No saber lo que involucra un cometido de la administración civil es un fracaso esencial, incluso existencial. Si un líder político no sabe en qué consiste su trabajo, es decir, si no sabe que el servicio público es un encargo casi sacerdotal o espiritual para mejorar la vida de sus propios conciudadanos, que le han confiado su porvenir y le remuneran con fondos procedentes de sus propios salarios, será una quimera pensar que pueda cumplir con su cometido de una manera digna.

En nuestro país se llega a un cargo público con la intención manifiesta de beneficiarse de un chollo —y así se describe jocosamente a los amigos— durante la mayor cantidad de tiempo posible. La mentalidad nacional es que, una vez conseguida la bicoca, la misión de todo buen cristiano de derechas y de izquierdas es enchufar cuanto antes a todos los familiares de primer grado. Y en una etapa posterior a todos los familiares de segundo grado y a los amigos de la infancia, incluyendo los que se hayan quedado fondeados allá en el pueblo.

Tal vez lo hayamos olvidado, o quizá nunca lo supiéramos, porque en España apenas lo hemos tenido, salvo en los primerísimos tiempos de la Transición, pero un gobierno de servicio público debe cumplir un programa electoral que previamente haya establecido sus propósitos y medidas para mejorar el bienestar de la población. Un gobierno de servicio público no es una letanía de consignas partidistas, trucos agresivos y campañas antipersonales, sino un equipo que debe coordinarse en la tarea de gobernar en pro del interés nacional. Décadas de cinismo gubernamental y de espectáculos pirotécnicos de la dinastía bipartidista han desvirtuado esa función honorable, hasta el punto de que las jóvenes generaciones probablemente la desconozcan por completo.

«Los partidos políticos son las instituciones que menos confianza (18%) generan en España, según la OCDE»

El 10 de julio, la OCDE ha publicado la Encuesta de Confianza 2024 sobre los factores que determinan la fiabilidad de las instituciones públicas y la fe de la población en los gobiernos democráticos. Tras la primera encuesta de 2021, en esta segunda edición participan 30 países. En sintonía con la mayoría de los países de la OCDE, los españoles se fían en primer lugar en la policía (61%).
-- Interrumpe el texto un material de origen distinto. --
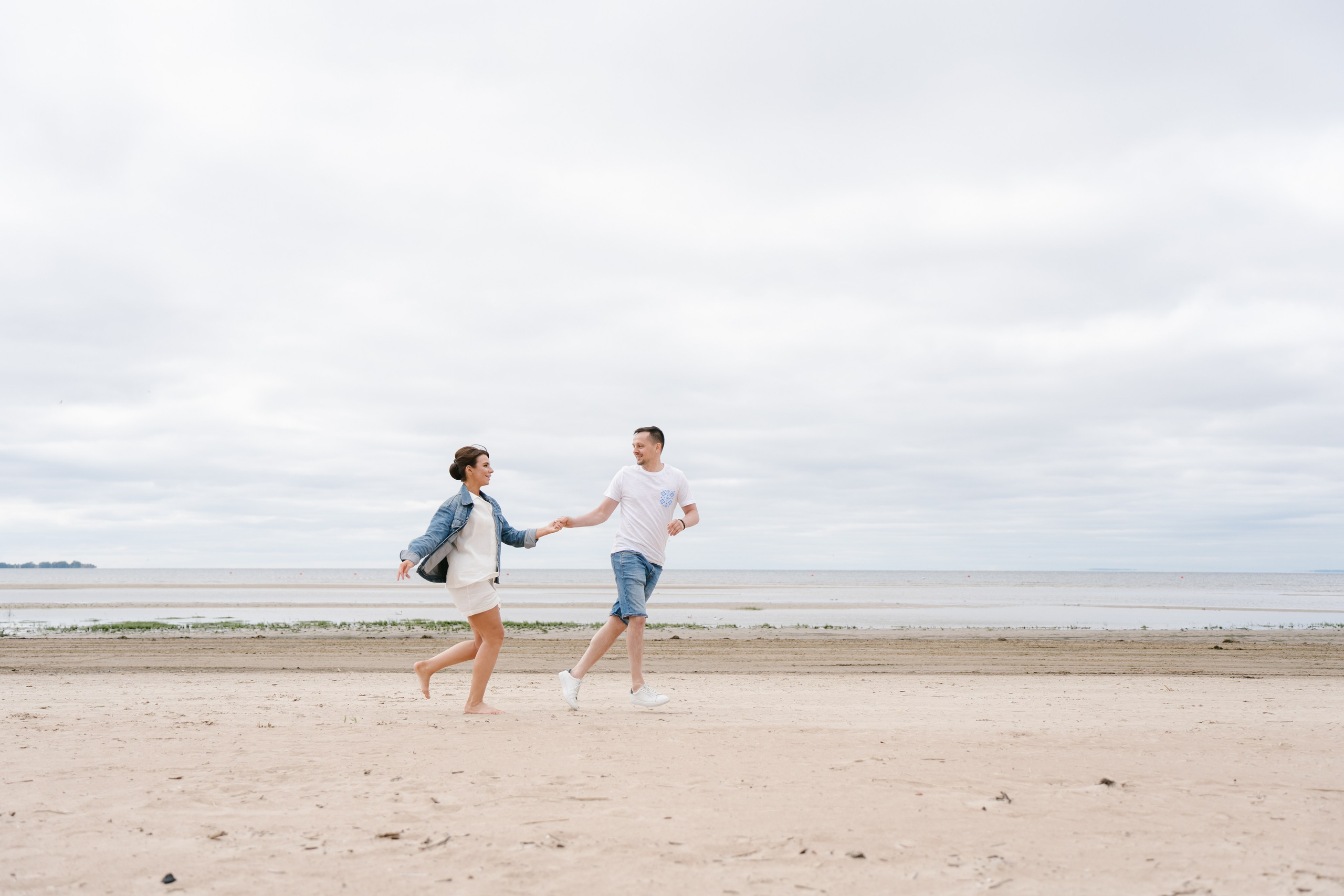 ЕКАТЕРИНА & ДМИТРИЙ (Санкт-Петербург). Фотограф в Сочи, Санкт-Петербурге, Москве, Италии, Франции, Черног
Y en orden descendente confían de otras personas de su ámbito social (59%), en los tribunales y el sistema judicial (45%), en el gobierno local (44%) y en el gobierno central (37%). Aproximadamente un tercio de la población española dice tener una confianza alta o moderadamente alta en el poder público central (38%), en los medios de comunicación (34%) y en el parlamento (34%). Pero atención a este dato: los partidos políticos son las instituciones que menos confianza (18%) generan en España.

Las leyes, los códigos, los procedimientos, las normas, las regulaciones y los protocolos no existen de un modo innato en la naturaleza. La humanidad ha creado una parte no pequeña de estos mecanismos de autorregulación para mantener a raya el poder que detentan los servidores públicos. Es un poder transferido que les dan sus cargos, un poder que de otro modo no tendrían.
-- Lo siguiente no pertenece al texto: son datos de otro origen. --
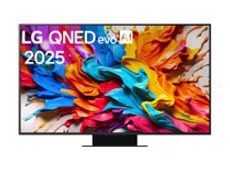 QNED 9M produkto vaizdas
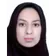 دکتر سیده نعیمه صابرحسینی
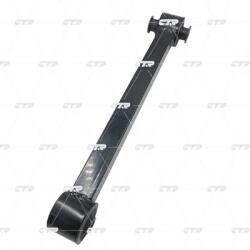 CTR Brat, Suspensie Roata Axa Spate Sus Cq0027 Jeep Cherokee (CQ0027)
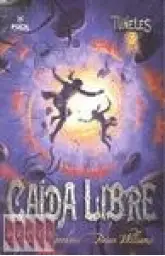 Imagen del producto 9788496886179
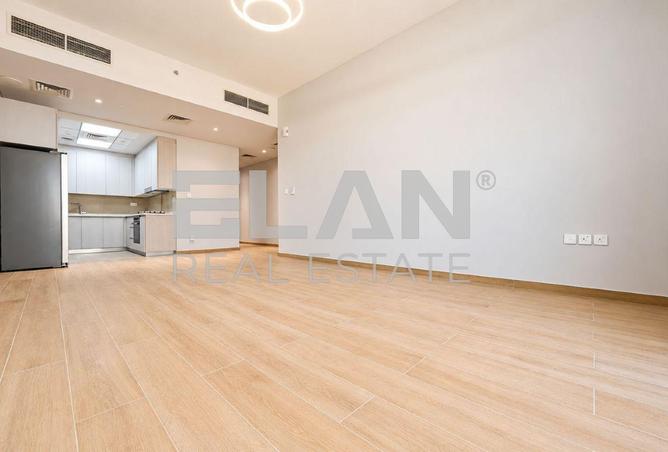 140156525 - Property Main Image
Esta fuerza o potencia temporal debe usarse para el fin previsto. De lo contrario, el país habrá concedido el cargo inútilmente o —como se lleva viendo en España durante décadas— como un torpedo contra el bienestar común y a favor del lucro personal. Con la muerte de Marta Ferrusola hemos vuelto a recordar el abuso de poder de su marido, tal vez el servidor público que en medio siglo de democracia menos haya servido al público.

Cuando los servidores públicos —e incluso sus familiares— actúan en contra de los intereses de quienes los pusieron en el poder, abusando ese poder para el enriquecimiento privado, ese servicio público se convierte en un vicio público. Y tan culpables son los perpetradores como somos culpables los votantes que, una y otra vez, fingimos creer que los políticos españoles distinguen el servicio público del vicio público.